Assignment:
Retype nothing except the lines below from the one with "Tenture Fermes vintages" through the one with "Buy Shop Guess", exactly, with images left out.
[Opening Records for the exercise section]
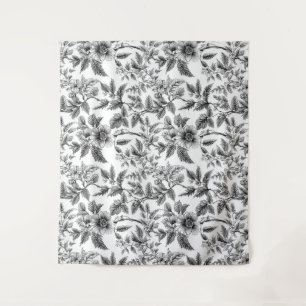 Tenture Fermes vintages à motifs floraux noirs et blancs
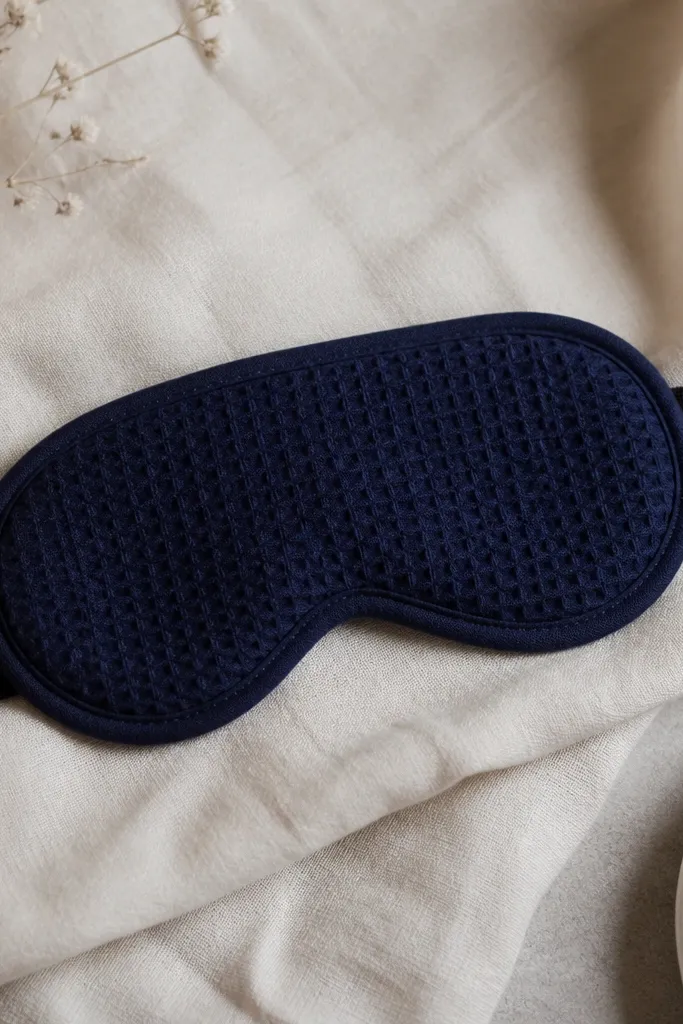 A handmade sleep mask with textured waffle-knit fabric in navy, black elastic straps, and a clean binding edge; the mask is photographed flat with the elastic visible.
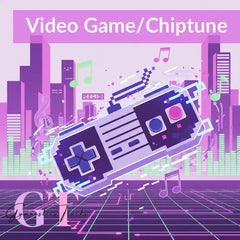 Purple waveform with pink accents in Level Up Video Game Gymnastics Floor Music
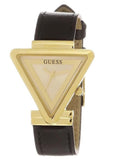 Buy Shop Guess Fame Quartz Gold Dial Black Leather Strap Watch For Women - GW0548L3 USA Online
[Closing Records for the exercise section]
[Opening Records for the exercise section]
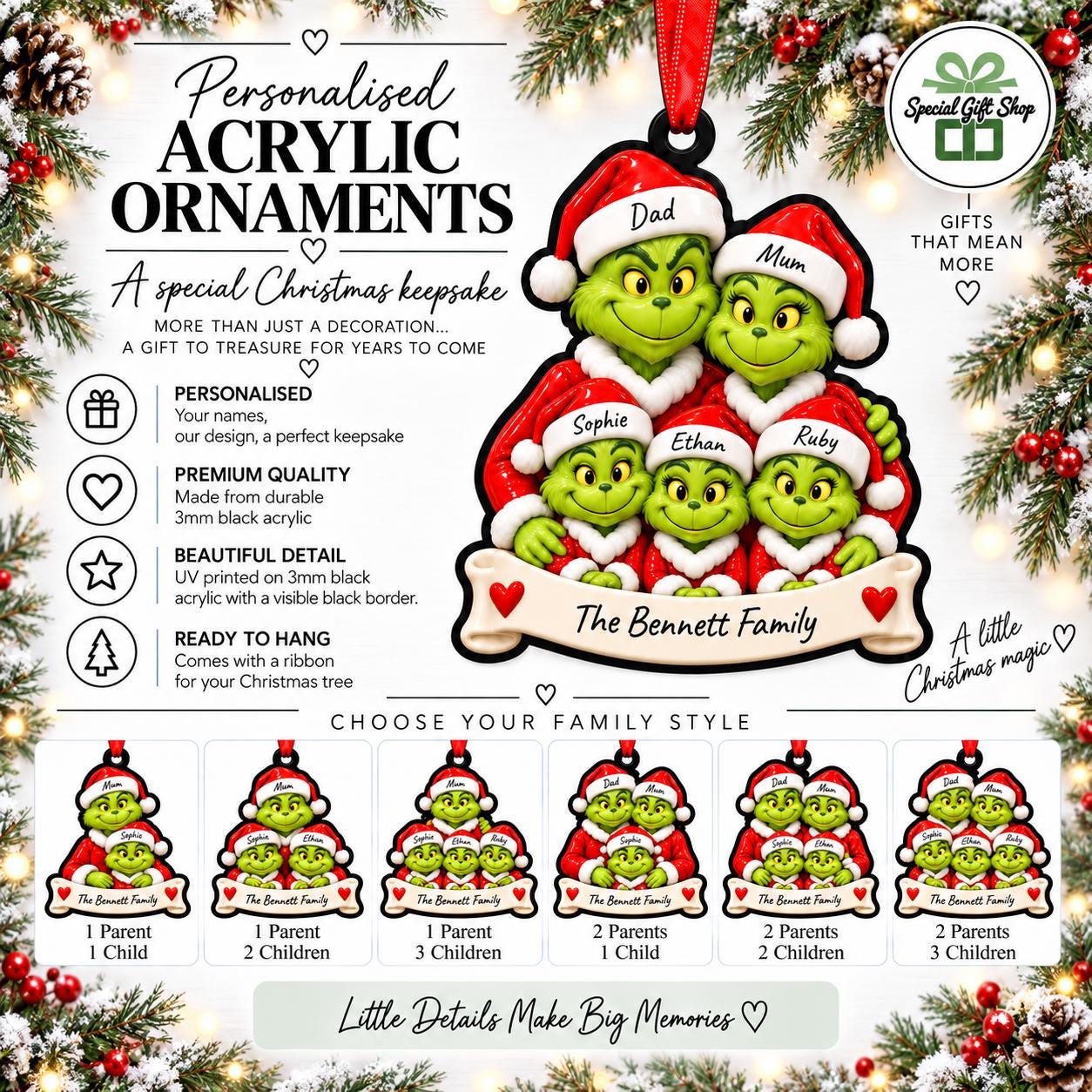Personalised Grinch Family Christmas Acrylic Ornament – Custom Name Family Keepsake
[Closing Records for the exercise section]
Answer to the exercise:
 Tenture Fermes vintages à motifs floraux noirs et blancs
 A handmade sleep mask with textured waffle-knit fabric in navy, black elastic straps, and a clean binding edge; the mask is photographed flat with the elastic visible.
 Purple waveform with pink accents in Level Up Video Game Gymnastics Floor Music
 Buy Shop Guess Fame Quartz Gold Dial Black Leather Strap Watch For Women - GW0548L3 USA Online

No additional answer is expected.